Instructions for the task
Word-for-word reproduction, images excluded: copy every entry below.

Saved entries:
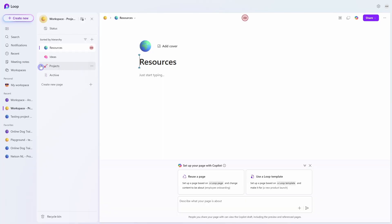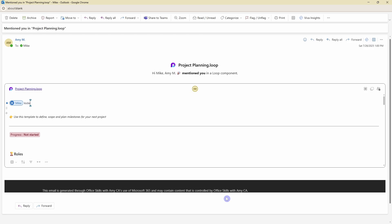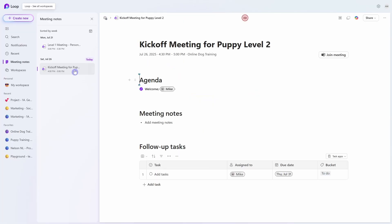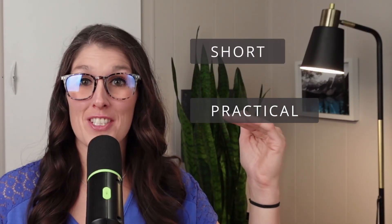Inside, you will find seven ways that you can use Microsoft Loop in your daily workflows, from organizing your workspaces and real-time collaboration, to task management and better meeting notes. Each lesson is short, practical, and designed to help you apply what you learned right away.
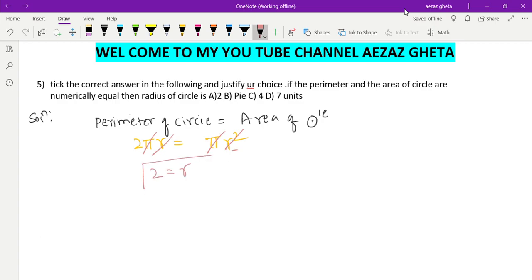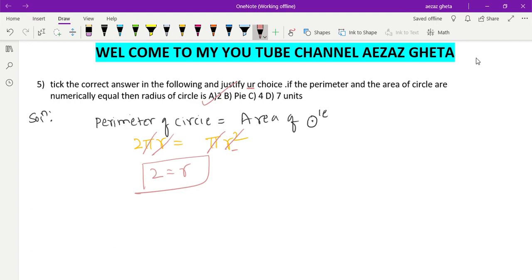And this is the answer, which is option a, 2. Hope you understood. If you have any doubt, just comment it and we'll come with a solution. Thank you.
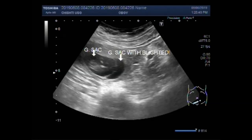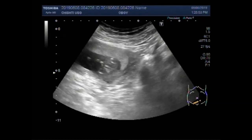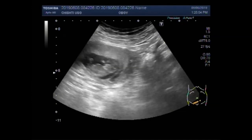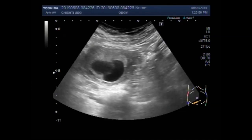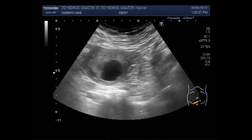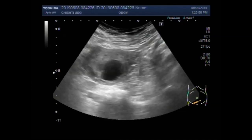No POC — no products of conception are seen. This is the anembryonic gestational sac.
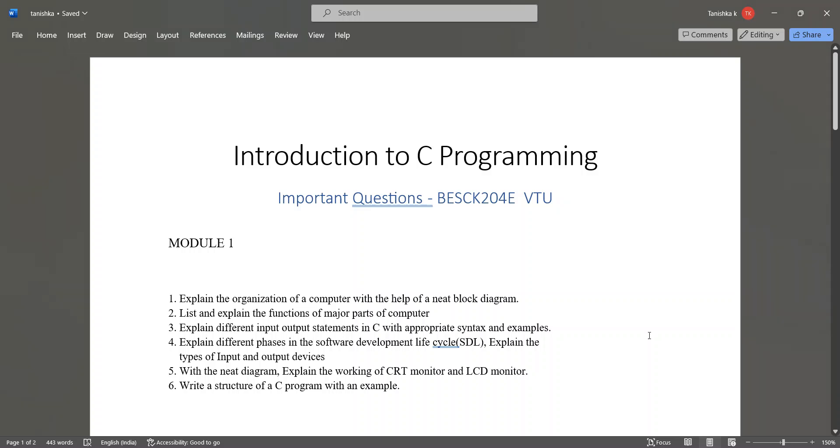Hello everyone, so this video is about the important questions of Introduction to C Programming. Let's see the module-wise important questions.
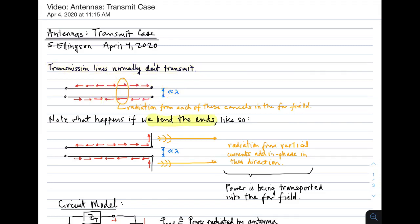Consider what happens if we bend the ends. We're going to take the end and bend it at right angles. If we do that, you see that the current on the ends is expected to flow as indicated in the highlighted region. In that case, those two currents are going to create radiation that doesn't cancel in the far field. In particular, this current can radiate in this direction, this current can radiate in this direction, and that radiation will be in phase. So we expect power to be transferred away from the antenna. That's the simplest antenna you can imagine, and power is being transported into the far field. All antennas are some variant of this, where we have currents in a structure which can add in phase in the far field, creating non-zero radiation in the far field.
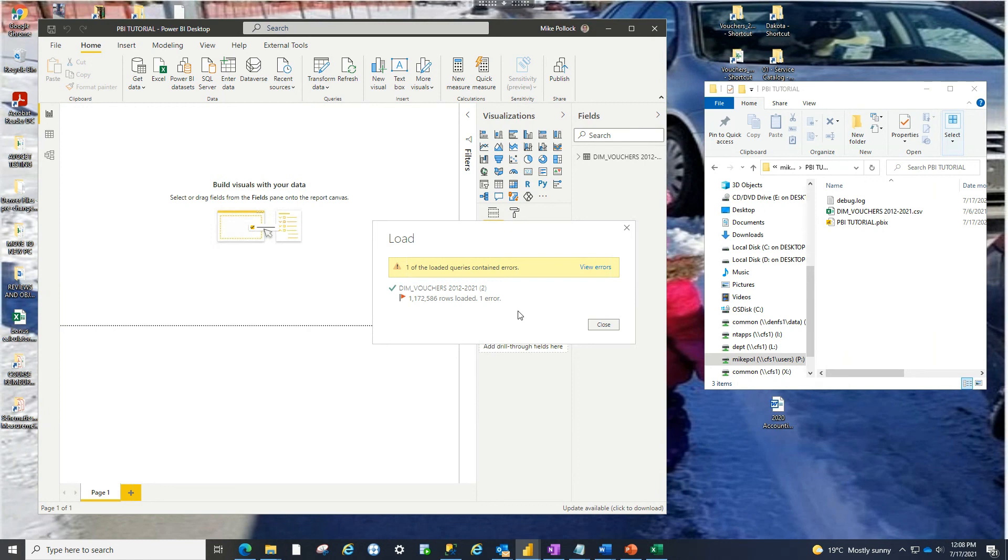So we're going to do that in the next video. But that is basically how you load a data file into Power BI. So yeah, move to the next video and we're ready to zap that error. Thanks.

Result of this exercise
Inside, you will find seven ways that you can use Microsoft Loop in your daily workflows, from organizing your workspaces and real-time collaboration, to task management and better meeting notes. Each lesson is short, practical, and designed to help you apply what you learned right away.
And this is the answer, which is option a, 2. Hope you understood. If you have any doubt, just comment it and we'll come with a solution. Thank you.
No POC — no products of conception are seen. This is the anembryonic gestational sac.
Hello everyone, so this video is about the important questions of Introduction to C Programming. Let's see the module-wise important questions.
Consider what happens if we bend the ends. We're going to take the end and bend it at right angles. If we do that, you see that the current on the ends is expected to flow as indicated in the highlighted region. In that case, those two currents are going to create radiation that doesn't cancel in the far field. In particular, this current can radiate in this direction, this current can radiate in this direction, and that radiation will be in phase. So we expect power to be transferred away from the antenna. That's the simplest antenna you can imagine, and power is being transported into the far field. All antennas are some variant of this, where we have currents in a structure which can add in phase in the far field, creating non-zero radiation in the far field.
So we're going to do that in the next video. But that is basically how you load a data file into Power BI. So yeah, move to the next video and we're ready to zap that error. Thanks.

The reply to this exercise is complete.